Il terremoto di 7,8 gradi Richter che ieri ha devastato una regione della Cina sud-occidentale ha causato sin’ora 12.000 morti, anche se il numero è condannato ad aumentare, soprattutto man mano che l’esercito cinese si avvicina all’epicentro del terremoto, a Wenchuan, rimasta isolata.
Nel Sichuan, precisamente nella contea di Beichuan, è crollata una scuola, causando circa un migliaio di vittime, tra professori e studenti; la città, situata a più di tremila metri di altezza, necessita immediatamente di tende, cibo e medicine, secondo quanto affermato da un alto funzionario di Wenchuan.
Un’altra scossa di assestamento si è verificata nel pomeriggio ora locale (8.10 in Italia) di 6,1 gradi della scala Richter a Chengdu, capoluogo della provincia del Sichuan.

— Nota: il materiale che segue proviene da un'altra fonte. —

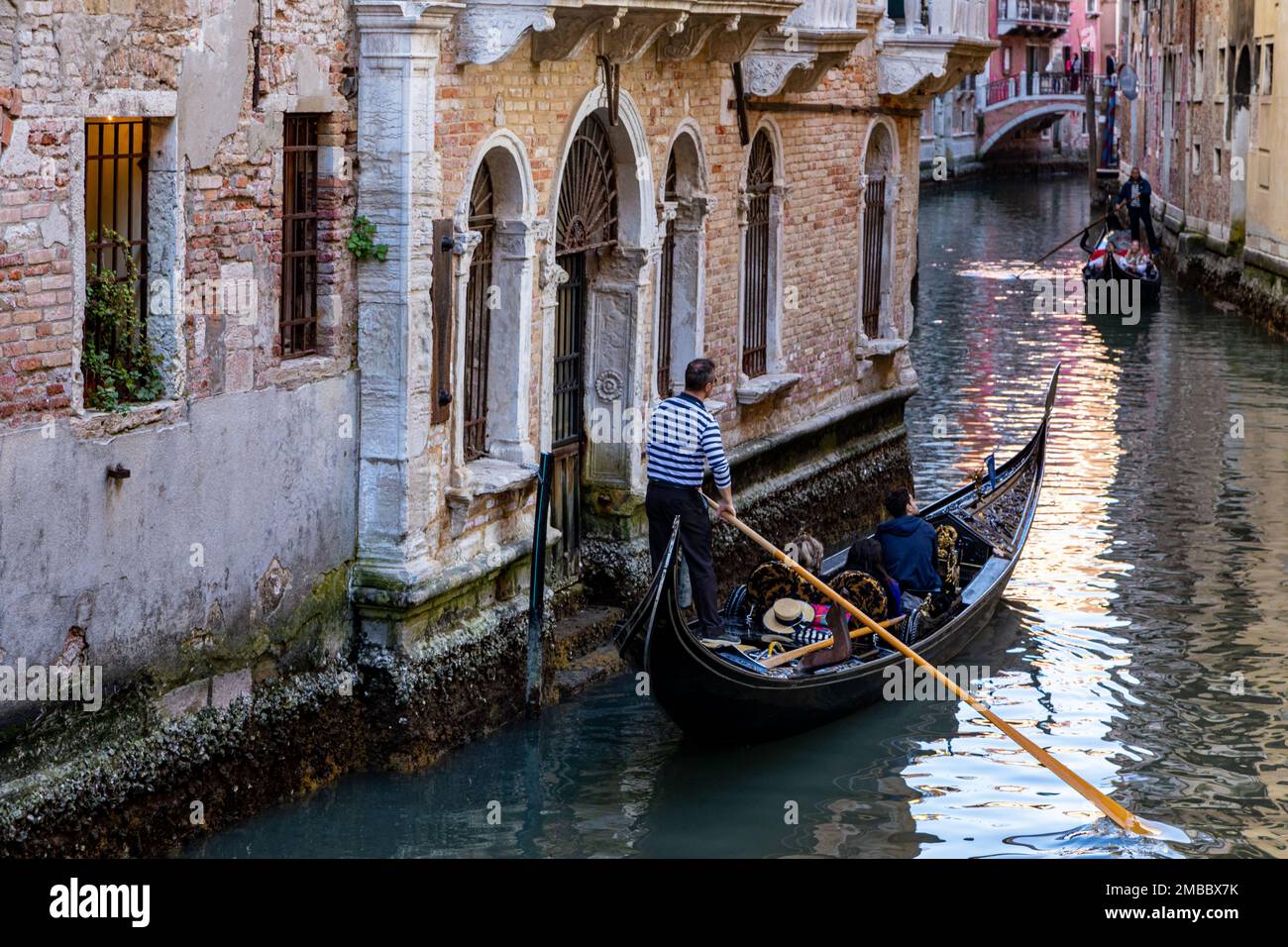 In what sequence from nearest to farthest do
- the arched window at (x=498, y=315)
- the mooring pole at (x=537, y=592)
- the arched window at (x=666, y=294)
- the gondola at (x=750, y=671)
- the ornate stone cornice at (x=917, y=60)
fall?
the gondola at (x=750, y=671) < the mooring pole at (x=537, y=592) < the arched window at (x=498, y=315) < the arched window at (x=666, y=294) < the ornate stone cornice at (x=917, y=60)

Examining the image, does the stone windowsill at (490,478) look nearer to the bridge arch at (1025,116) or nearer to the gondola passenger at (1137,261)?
the gondola passenger at (1137,261)

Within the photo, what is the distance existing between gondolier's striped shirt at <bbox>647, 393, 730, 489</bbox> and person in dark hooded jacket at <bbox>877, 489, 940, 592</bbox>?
1.46 m

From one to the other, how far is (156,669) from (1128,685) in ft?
14.4

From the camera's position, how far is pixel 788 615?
28.1ft

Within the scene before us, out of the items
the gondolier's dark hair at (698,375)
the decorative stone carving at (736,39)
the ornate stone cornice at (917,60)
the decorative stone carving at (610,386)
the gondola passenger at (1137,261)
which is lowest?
the decorative stone carving at (610,386)

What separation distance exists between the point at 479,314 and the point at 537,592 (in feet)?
3.59

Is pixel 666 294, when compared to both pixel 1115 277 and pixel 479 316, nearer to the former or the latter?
pixel 479 316

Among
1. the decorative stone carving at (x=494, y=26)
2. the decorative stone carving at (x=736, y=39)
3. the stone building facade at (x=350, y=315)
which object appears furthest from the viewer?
the decorative stone carving at (x=736, y=39)

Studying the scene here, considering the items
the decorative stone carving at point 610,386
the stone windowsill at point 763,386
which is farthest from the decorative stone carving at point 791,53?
the decorative stone carving at point 610,386

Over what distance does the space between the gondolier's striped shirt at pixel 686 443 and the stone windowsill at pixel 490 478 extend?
1.67 ft

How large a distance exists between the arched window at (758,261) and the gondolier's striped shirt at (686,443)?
2759 mm

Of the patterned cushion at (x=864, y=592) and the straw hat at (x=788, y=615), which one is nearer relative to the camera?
the straw hat at (x=788, y=615)

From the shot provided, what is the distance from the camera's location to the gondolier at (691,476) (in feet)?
26.7

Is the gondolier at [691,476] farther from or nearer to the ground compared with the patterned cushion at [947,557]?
farther from the ground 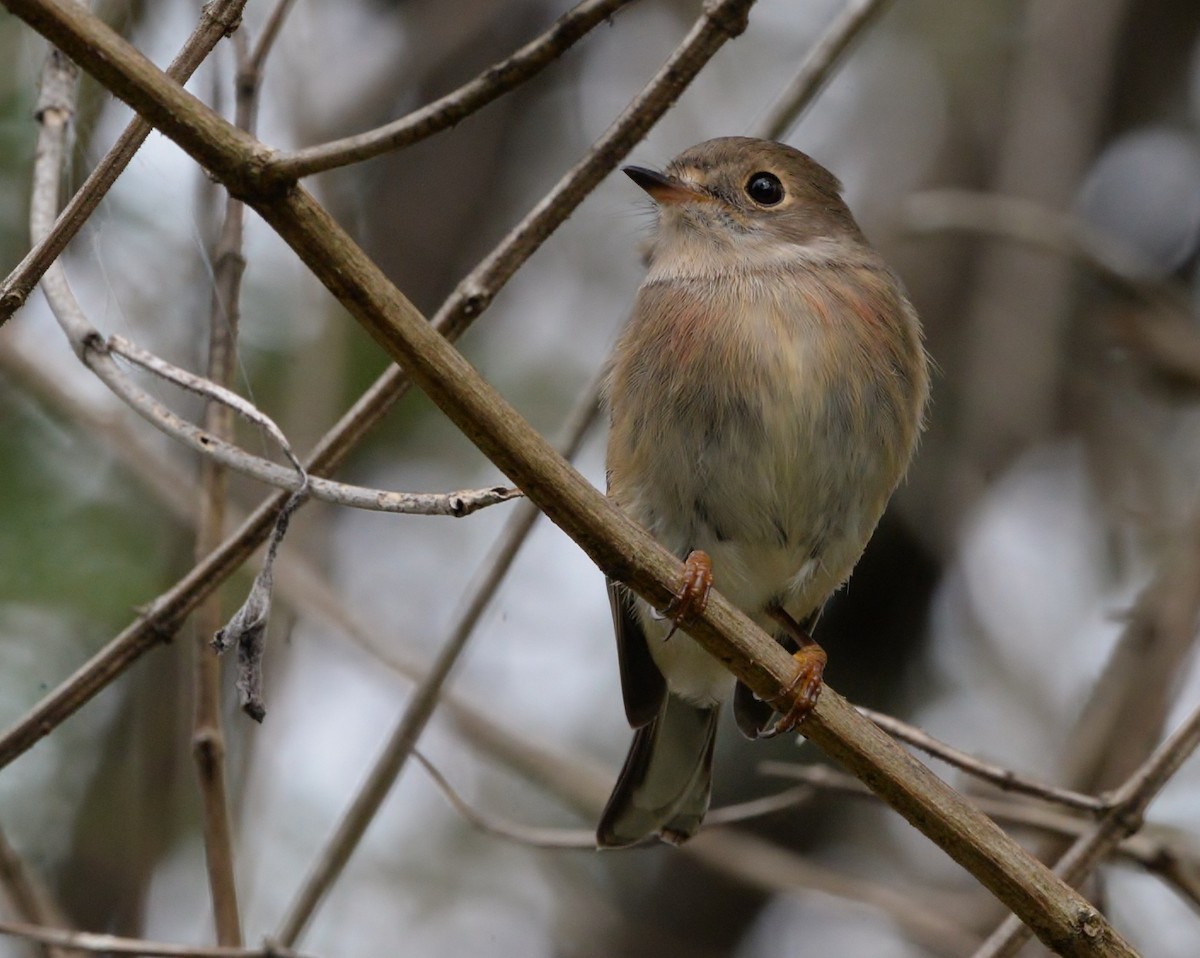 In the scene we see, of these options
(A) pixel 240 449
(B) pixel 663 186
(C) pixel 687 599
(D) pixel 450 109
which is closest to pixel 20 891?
(A) pixel 240 449

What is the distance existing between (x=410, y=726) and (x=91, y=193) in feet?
5.02

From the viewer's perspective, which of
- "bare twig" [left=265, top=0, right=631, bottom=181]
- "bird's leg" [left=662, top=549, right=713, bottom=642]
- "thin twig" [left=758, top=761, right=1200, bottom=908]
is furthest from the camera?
"thin twig" [left=758, top=761, right=1200, bottom=908]

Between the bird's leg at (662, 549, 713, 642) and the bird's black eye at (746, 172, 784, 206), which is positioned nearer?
the bird's leg at (662, 549, 713, 642)

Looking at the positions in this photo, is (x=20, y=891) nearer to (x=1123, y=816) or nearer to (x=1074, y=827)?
(x=1123, y=816)

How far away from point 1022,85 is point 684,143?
1.43 metres

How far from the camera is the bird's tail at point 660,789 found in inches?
141

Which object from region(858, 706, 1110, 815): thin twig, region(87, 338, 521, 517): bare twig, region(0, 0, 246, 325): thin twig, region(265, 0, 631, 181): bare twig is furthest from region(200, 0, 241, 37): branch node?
region(858, 706, 1110, 815): thin twig

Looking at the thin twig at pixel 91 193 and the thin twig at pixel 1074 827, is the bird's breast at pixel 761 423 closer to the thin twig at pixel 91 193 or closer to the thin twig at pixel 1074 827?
the thin twig at pixel 1074 827

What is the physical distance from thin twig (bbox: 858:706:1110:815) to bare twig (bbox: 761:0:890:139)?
143cm

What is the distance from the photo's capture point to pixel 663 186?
4.02m

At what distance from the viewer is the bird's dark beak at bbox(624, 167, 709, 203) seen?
12.9ft

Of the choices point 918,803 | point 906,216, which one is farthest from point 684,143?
point 918,803

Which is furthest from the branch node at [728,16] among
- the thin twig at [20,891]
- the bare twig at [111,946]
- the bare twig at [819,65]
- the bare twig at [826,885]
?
the bare twig at [826,885]

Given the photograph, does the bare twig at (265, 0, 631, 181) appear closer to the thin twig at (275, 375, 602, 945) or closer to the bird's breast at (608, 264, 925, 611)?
the thin twig at (275, 375, 602, 945) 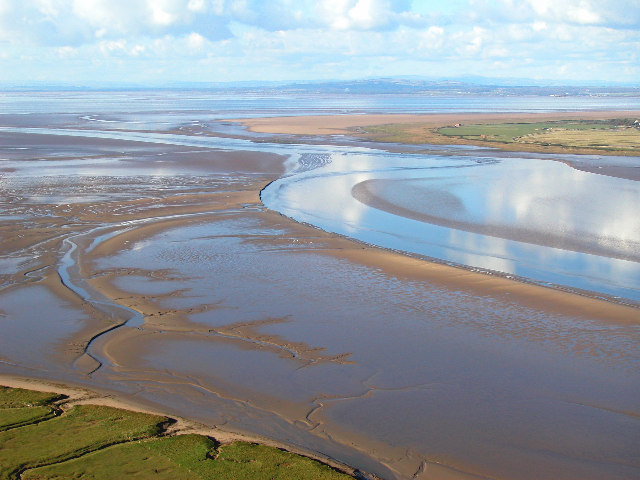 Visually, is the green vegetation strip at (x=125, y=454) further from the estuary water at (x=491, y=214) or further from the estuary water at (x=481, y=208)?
the estuary water at (x=491, y=214)

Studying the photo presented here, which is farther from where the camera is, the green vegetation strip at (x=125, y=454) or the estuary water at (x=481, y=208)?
the estuary water at (x=481, y=208)

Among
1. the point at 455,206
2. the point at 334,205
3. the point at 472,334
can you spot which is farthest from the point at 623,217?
the point at 472,334

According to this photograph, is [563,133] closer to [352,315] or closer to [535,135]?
[535,135]

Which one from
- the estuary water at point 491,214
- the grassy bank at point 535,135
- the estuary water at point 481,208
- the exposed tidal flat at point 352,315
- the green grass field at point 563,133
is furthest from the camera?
the green grass field at point 563,133

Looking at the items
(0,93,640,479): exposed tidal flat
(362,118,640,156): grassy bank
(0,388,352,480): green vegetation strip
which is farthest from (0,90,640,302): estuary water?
(0,388,352,480): green vegetation strip

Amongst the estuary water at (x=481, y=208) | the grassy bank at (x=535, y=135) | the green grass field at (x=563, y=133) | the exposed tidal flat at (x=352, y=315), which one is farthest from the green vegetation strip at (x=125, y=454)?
the green grass field at (x=563, y=133)

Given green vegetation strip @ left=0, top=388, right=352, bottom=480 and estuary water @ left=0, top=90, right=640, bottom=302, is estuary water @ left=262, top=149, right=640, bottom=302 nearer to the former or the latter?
estuary water @ left=0, top=90, right=640, bottom=302

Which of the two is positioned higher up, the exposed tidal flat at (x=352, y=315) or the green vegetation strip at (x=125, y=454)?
the green vegetation strip at (x=125, y=454)

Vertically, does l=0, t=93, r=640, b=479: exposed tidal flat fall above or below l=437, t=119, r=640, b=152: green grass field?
below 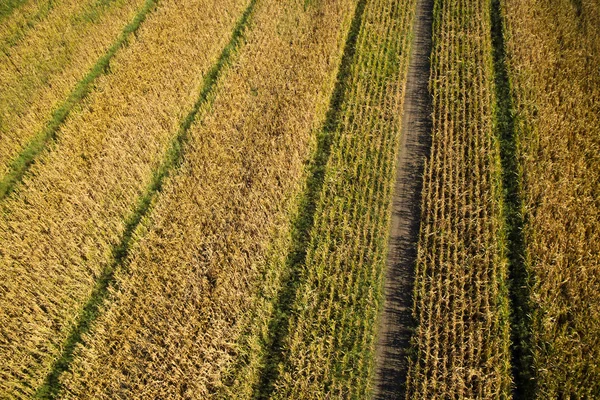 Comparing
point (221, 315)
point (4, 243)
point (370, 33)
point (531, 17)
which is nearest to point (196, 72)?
point (370, 33)

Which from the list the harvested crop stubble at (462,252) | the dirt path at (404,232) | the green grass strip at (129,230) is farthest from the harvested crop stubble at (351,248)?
the green grass strip at (129,230)

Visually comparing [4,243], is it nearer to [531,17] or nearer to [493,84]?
[493,84]

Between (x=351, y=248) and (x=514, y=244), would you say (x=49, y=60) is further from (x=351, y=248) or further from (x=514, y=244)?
(x=514, y=244)

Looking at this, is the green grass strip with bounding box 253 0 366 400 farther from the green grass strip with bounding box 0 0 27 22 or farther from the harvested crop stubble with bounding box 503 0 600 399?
the green grass strip with bounding box 0 0 27 22

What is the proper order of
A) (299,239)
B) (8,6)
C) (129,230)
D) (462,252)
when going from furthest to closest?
(8,6), (129,230), (299,239), (462,252)

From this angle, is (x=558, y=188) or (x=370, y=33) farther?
(x=370, y=33)

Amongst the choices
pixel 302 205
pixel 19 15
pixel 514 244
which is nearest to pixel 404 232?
pixel 514 244

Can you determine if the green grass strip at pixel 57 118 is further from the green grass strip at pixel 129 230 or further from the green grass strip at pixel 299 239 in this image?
the green grass strip at pixel 299 239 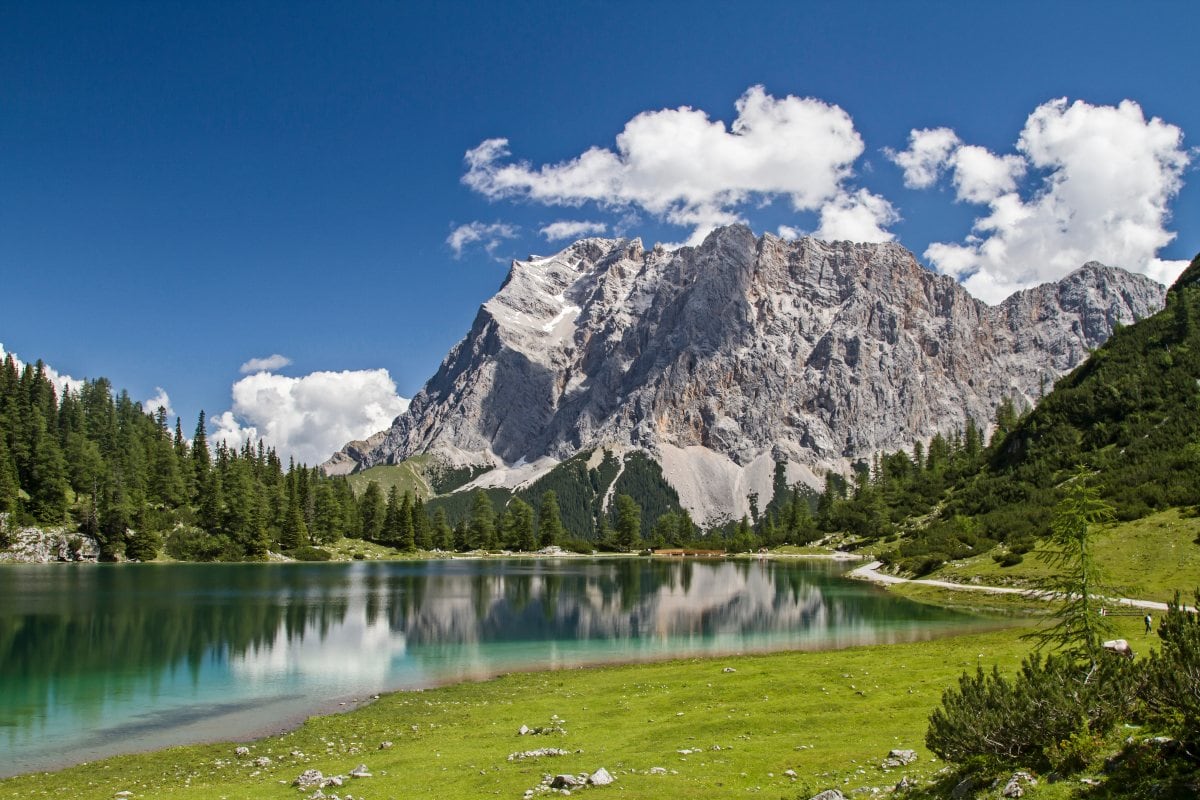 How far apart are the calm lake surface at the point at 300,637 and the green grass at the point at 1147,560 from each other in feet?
40.4

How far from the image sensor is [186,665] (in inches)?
1766

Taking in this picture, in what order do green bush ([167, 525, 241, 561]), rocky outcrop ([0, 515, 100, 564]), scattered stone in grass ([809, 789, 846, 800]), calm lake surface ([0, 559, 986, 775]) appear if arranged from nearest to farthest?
scattered stone in grass ([809, 789, 846, 800]), calm lake surface ([0, 559, 986, 775]), rocky outcrop ([0, 515, 100, 564]), green bush ([167, 525, 241, 561])

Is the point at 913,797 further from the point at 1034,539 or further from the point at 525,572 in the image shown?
the point at 525,572

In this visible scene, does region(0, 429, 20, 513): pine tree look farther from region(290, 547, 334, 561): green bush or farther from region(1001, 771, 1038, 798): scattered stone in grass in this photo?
region(1001, 771, 1038, 798): scattered stone in grass

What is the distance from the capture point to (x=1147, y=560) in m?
64.0

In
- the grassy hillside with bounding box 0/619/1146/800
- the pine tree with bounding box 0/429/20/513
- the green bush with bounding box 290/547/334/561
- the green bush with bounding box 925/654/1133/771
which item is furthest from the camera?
the green bush with bounding box 290/547/334/561

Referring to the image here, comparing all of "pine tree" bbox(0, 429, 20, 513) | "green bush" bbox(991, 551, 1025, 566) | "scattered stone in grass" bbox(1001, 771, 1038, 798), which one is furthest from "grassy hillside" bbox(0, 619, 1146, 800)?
"pine tree" bbox(0, 429, 20, 513)

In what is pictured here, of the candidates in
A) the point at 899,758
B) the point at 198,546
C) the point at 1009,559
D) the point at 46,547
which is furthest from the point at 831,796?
the point at 198,546

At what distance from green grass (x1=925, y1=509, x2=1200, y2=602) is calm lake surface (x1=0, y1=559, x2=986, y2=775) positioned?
12.3 meters

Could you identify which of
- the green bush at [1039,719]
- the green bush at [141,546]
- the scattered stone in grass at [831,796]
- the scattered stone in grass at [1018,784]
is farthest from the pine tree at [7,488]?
the scattered stone in grass at [1018,784]

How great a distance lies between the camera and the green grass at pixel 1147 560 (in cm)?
5762

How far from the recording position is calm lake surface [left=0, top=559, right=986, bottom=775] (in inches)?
1316

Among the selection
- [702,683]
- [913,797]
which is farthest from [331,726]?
[913,797]

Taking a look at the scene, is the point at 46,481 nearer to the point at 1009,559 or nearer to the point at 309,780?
the point at 309,780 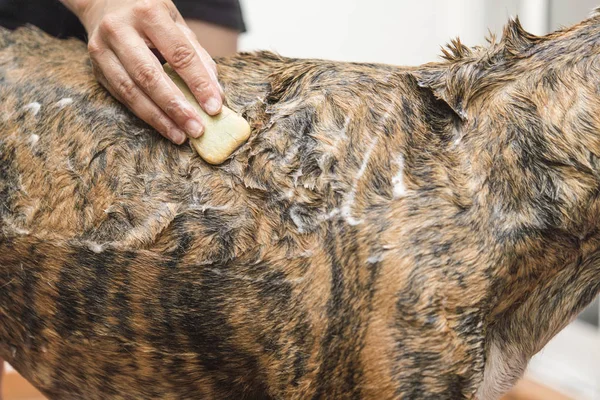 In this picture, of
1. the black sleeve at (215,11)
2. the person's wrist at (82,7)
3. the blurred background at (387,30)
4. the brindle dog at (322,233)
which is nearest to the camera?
the brindle dog at (322,233)

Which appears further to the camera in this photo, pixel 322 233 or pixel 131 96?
pixel 131 96

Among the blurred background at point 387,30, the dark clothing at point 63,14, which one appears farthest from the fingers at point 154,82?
the blurred background at point 387,30

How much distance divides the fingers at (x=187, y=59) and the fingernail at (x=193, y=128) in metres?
0.02

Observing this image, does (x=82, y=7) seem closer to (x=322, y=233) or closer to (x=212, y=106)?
(x=212, y=106)

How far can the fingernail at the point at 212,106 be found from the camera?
0.84 meters

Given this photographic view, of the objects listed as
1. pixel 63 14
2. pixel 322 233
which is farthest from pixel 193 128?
pixel 63 14

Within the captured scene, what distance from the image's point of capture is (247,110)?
2.78 ft

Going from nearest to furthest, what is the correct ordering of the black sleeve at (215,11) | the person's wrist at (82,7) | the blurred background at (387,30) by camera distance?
the person's wrist at (82,7)
the black sleeve at (215,11)
the blurred background at (387,30)

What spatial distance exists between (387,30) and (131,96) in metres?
1.14

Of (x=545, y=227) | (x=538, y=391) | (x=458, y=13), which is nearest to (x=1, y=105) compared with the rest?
(x=545, y=227)

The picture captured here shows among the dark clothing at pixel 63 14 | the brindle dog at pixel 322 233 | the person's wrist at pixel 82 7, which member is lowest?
the brindle dog at pixel 322 233

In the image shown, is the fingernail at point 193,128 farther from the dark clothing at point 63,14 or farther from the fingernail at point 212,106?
the dark clothing at point 63,14

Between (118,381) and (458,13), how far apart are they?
137cm

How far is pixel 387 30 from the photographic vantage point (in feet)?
6.18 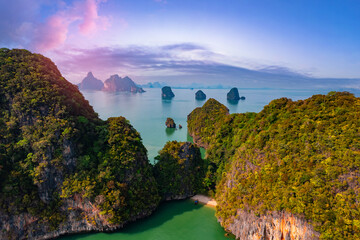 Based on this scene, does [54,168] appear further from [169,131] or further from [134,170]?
[169,131]

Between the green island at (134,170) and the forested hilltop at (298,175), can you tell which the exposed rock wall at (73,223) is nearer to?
the green island at (134,170)

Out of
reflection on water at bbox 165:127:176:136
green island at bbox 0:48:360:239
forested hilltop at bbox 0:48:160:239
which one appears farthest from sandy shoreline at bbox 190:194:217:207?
reflection on water at bbox 165:127:176:136

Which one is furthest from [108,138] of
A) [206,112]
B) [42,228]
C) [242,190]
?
[206,112]

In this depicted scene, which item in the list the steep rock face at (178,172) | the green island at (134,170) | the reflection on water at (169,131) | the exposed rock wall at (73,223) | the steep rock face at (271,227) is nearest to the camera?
the steep rock face at (271,227)

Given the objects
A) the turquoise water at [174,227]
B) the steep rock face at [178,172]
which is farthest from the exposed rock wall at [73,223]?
the steep rock face at [178,172]

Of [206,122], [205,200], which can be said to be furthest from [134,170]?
[206,122]

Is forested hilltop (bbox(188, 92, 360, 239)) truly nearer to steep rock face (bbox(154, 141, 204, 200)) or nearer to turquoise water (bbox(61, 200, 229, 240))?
turquoise water (bbox(61, 200, 229, 240))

La Cina ha oggi ufficialmente accettato gli aiuti offerti dalla comunità internazionale, come annunciato dal Ministro degli Esteri cinese Qin Gang nel corso di una conferenza stampa a Pechino.

Gli italiani presenti nella regione, 35 in tutto, stanno bene e hanno incontrato ieri stesso l’ambasciatore Riccardo Sessa. Nel frattempo, il Presidente Silvio Berlusconi ha dato il via libera ai soccorsi italiani.

Pubblicato in Dal Mondo| Nessun Commento »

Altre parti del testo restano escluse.